* SOURCE DATA:
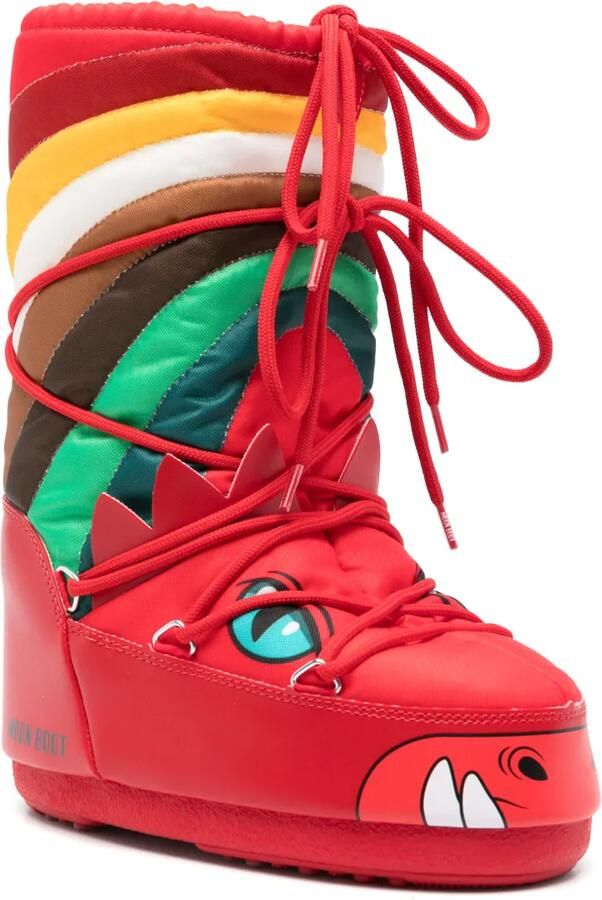 Moon Boot Kids Gewatteerde laarzen met monster-print Rood - Foto 2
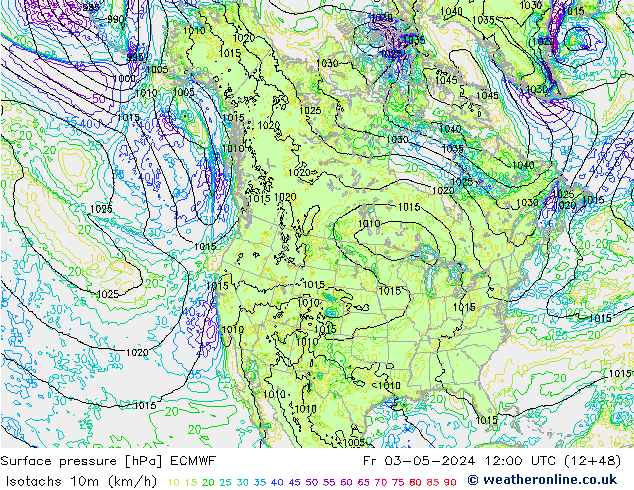 Isotachen (km/h) ECMWF Fr 03.05.2024 12 UTC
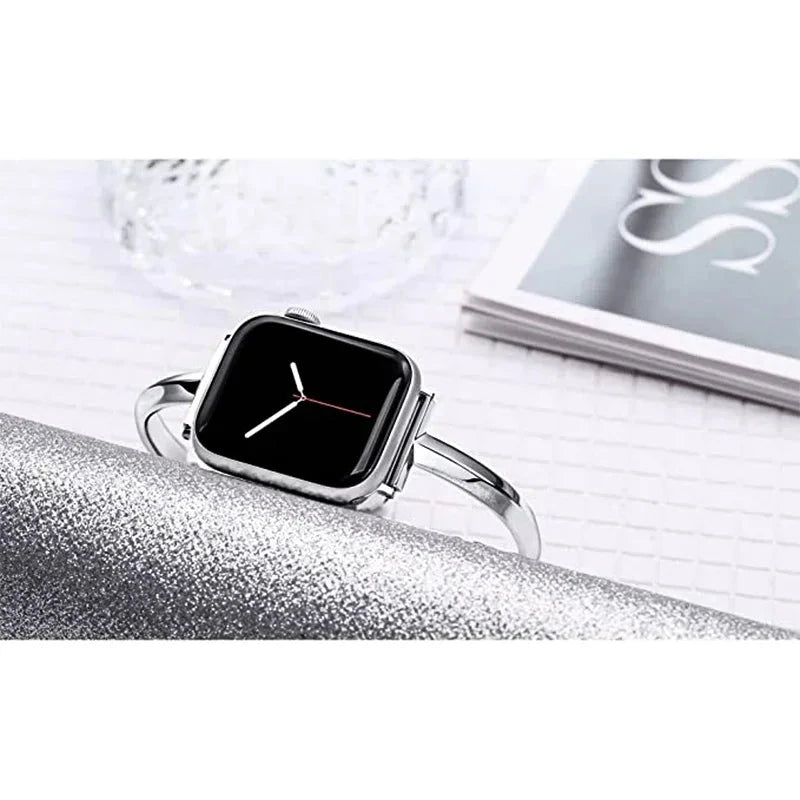 Luxury Diamond Stainless Steel Apple Watch Band, Stylish Strap Compatible with Apple Watch Series 3, 4, 5, 6, 7, 8, SE, and Ultra (38mm, 40mm, 41mm, 42mm, 44mm, 45mm, 49mm) - Wearable Upgrades 
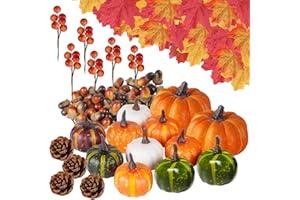 ANIEPAA Zucche Decorative Autunnali 162 Pezzi, Autunno Decorazioni Tavola con Foglie Artificiali, Foglie D'acero Ghiande Pigne Zucche Bacche Rosse Decorazioni Autunnali Ringraziamento Halloween (Multicolore)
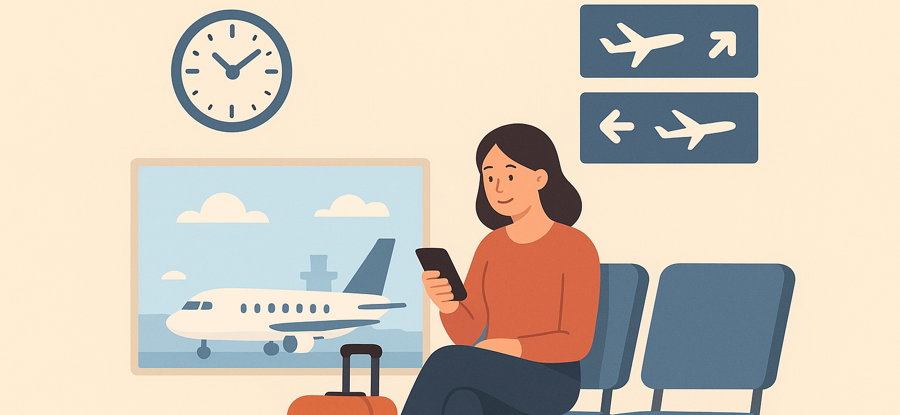 Illustration of a woman sitting in a lounge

* EXERCISE DESCRIPTION:
Reproduce, word for word, the lines from the one containing "Isotachen (km/h) ECMWF Fr 03.05.2024 12 UTC" to the end of the material, both ends included. No picture is copied.

* TASK RESPONSE:
 Isotachen (km/h) ECMWF Fr 03.05.2024 12 UTC
 Luxury Diamond Stainless Steel Apple Watch Band, Stylish Strap Compatible with Apple Watch Series 3, 4, 5, 6, 7, 8, SE, and Ultra (38mm, 40mm, 41mm, 42mm, 44mm, 45mm, 49mm) - Wearable Upgrades 
 ANIEPAA Zucche Decorative Autunnali 162 Pezzi, Autunno Decorazioni Tavola con Foglie Artificiali, Foglie D'acero Ghiande Pigne Zucche Bacche Rosse Decorazioni Autunnali Ringraziamento Halloween (Multicolore)
 Illustration of a woman sitting in a lounge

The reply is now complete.